Eh oui, les vacances fabriquent des souvenirs que l’on fixe dans l’album du temps qui passe comme autant de preuves d’un bonheur en partance. Poétique, non ? Seulement voilà, le long de l’autoroute du Nord il y a des aires de repos qui ramènent le voyageur insouciant aux dures manifestations du réel et à notre rapport à cette société de loisirs qui compte accueillir dix millions de touristes. On ne va pas se gausser encore une fois de la propension de certains responsables à lancer des statistiques comme on lance des pierres pour faire des ricochets. On n’attrape pas des mouches avec du vinaigre, pas plus que l’on ne draine ni fidélise des touristes, étrangers ou autochtones, avec des toilettes bouchées, des odeurs nauséabondes, des détritus autours d’un café qui sert des limonades tièdes, pratique des prix prohibitifs et emploie un personnel qui tire la tronche. Sachant que l’on paie déjà l’autoroute au prix fort, on s’attend à ce que l’aire dite de repos ressemble à quelque chose de convenable et non pas à un Tchernobyl de l’hygiène.

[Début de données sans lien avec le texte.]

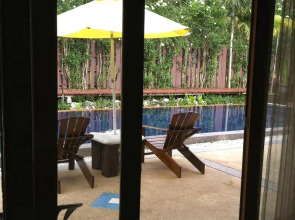 Seapines Villa Liberg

Reprenons la route pour parler de celle que l’on appelle «Aârous achamal» (la mariée du Nord.) On se demande d’ailleurs pourquoi et qui est l’heureux élu dans cette affaire ? Mais avec toutes ces appellations incontrôlées dont on affuble nos cités, il ne faut s’étonner de rien. Si vous débarquez en voiture de ces ferries qui font la navette entre les deux rives de la Méditerranée et si d’aventure vous comptez vous rendre à Marrakech, munissez-vous d’une boussole. Sans rire, il n’y a pas une seule indication en vue sauf si vous vous voulez aller à Marjane.
En effet, c’est une fois arrivé près de cette grande surface qu’un panneau signale la direction de Rabat à gauche et celle de Marjane à droite qui est, comme tout le monde le sait, une cité historique impériale fondée vers la fin des années 80 du siècle dernier. Les historiens sont, me signale-t-on, divisés sur l’origine du nom et évoquent, prospectus et sacs en plastique à l’appui, d’autres cités homonymes dans d’autres régions du pays. Mais on s’égare, on s’égare. En tout cas, on a beau s’égarer, on ne sera pas plus paumé que ce Hollandais monolingue désireux de sortir de Tanger pour aller visiter Marrakech ; mais évitant la direction de Rabat, il s’en va passer ses vacances à Marjane dans un vertigineux éblouissement des sens entre les linéaires de la charcuterie halal, ceux des épices au mille arômes et ces amas d’olives aux goûts de l’éternité.
C’est fou, mais chaque fois qu’un Marocain parle de vacances, il déborde sur le tourisme en général. Et lorsqu’on évoque ce dernier, on débouche sur des panneaux de signalisation, la voirie, la malbouffe, les serveurs qui font la gueule, ceux qui font la manche, ceux qui font les poches et ceux qui font pitié parce que mal fagotés, mal réveillés, mal rasés et en un mot mal payés. Il y a là un lien causal, nous dira l’expert qui n’en finissait pas de nous annoncer le chiffre rond de dix millions de toutous. Il paraît que celui qui passe son temps à annoncer la pluie finit par avoir raison. Oui mais ce mec là doit habiter à Cherbourg ou à Liverpool. Parce que le gars qui se hasarderait à en faire autant sous nos cieux n’est pas prêt de se mouiller le tarbouche en chantant : «I’m singing in the rain.»